• [RECORDED INFORMATION]:
Segment Open
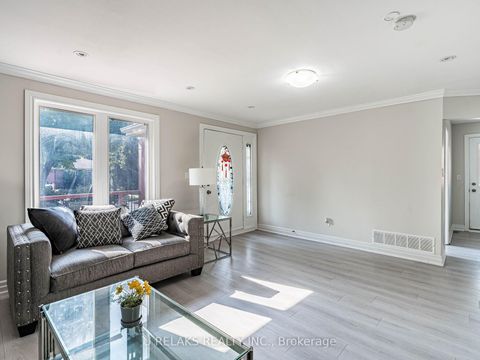 Photo 8 at 82 Crow Trail, Malvern, Toronto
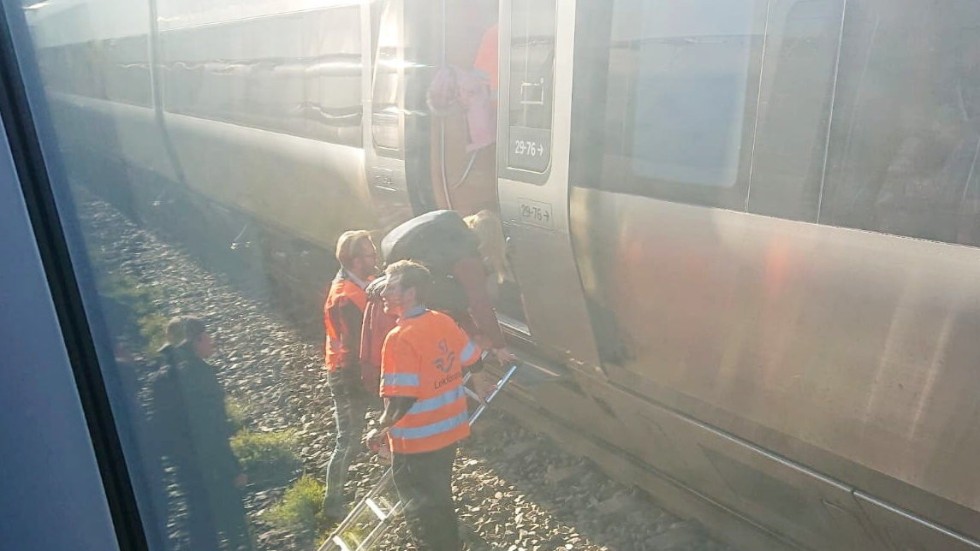 Tåget har stannat mitt på spåret och evakueras efter ett fordonsfel.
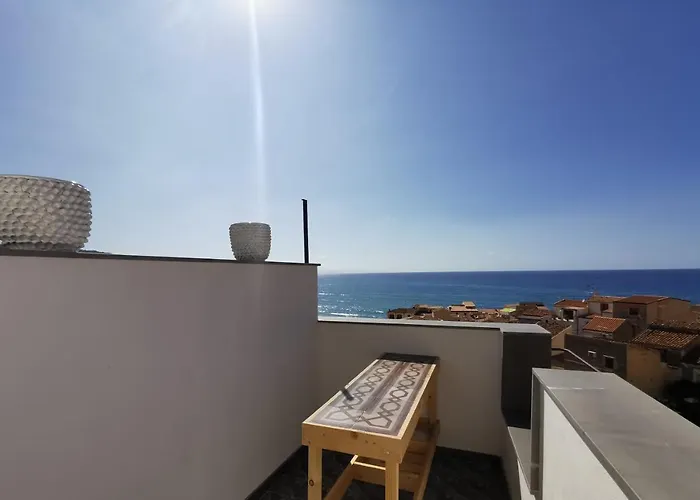 Idda, Vista Mozzafiato E Mare Dentro Casa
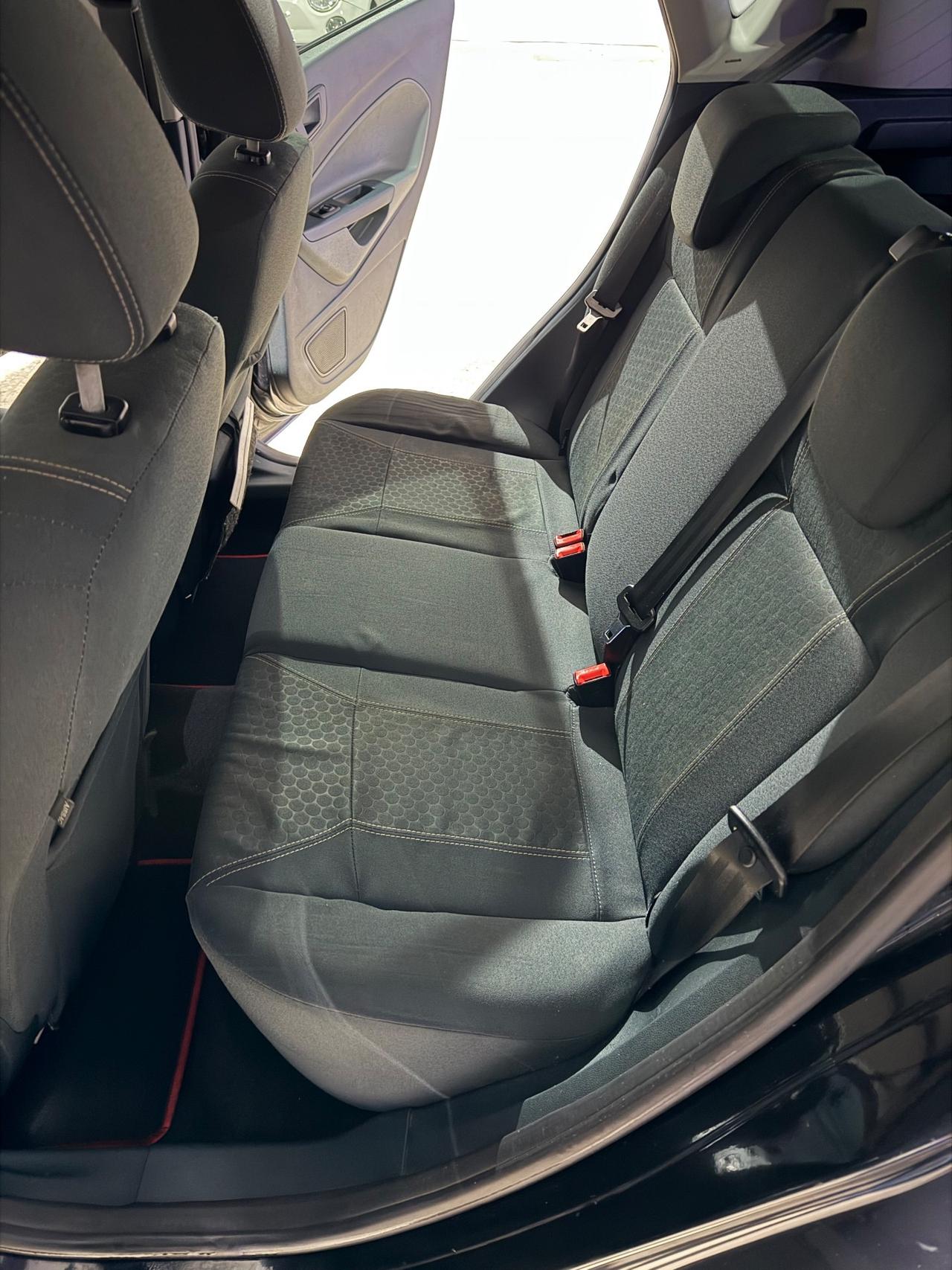 Ford Fiesta 1.2 82 CV 5 porte Titanium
Segment Closed
• [AIM OF THE EXERCISE]: Omit pictures; set down the rest of the material word for word.

• [RESULT FOR THIS TASK]:
 Photo 8 at 82 Crow Trail, Malvern, Toronto
 Tåget har stannat mitt på spåret och evakueras efter ett fordonsfel.
 Idda, Vista Mozzafiato E Mare Dentro Casa
 Ford Fiesta 1.2 82 CV 5 porte Titanium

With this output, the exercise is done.